(THE INPUT):

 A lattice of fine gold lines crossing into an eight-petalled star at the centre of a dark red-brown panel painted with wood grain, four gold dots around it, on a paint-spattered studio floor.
---
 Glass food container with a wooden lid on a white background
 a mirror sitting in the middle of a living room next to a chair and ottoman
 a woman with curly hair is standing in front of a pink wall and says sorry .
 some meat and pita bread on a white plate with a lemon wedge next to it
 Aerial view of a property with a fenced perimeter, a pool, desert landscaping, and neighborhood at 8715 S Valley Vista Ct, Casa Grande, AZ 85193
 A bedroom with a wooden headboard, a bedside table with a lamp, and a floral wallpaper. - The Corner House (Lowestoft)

(DIRECTIONS FOR THIS TASK): Lines holding "white": copy each one from the records above.

(FINAL ANSWER):
 Glass food container with a wooden lid on a white background
 some meat and pita bread on a white plate with a lemon wedge next to it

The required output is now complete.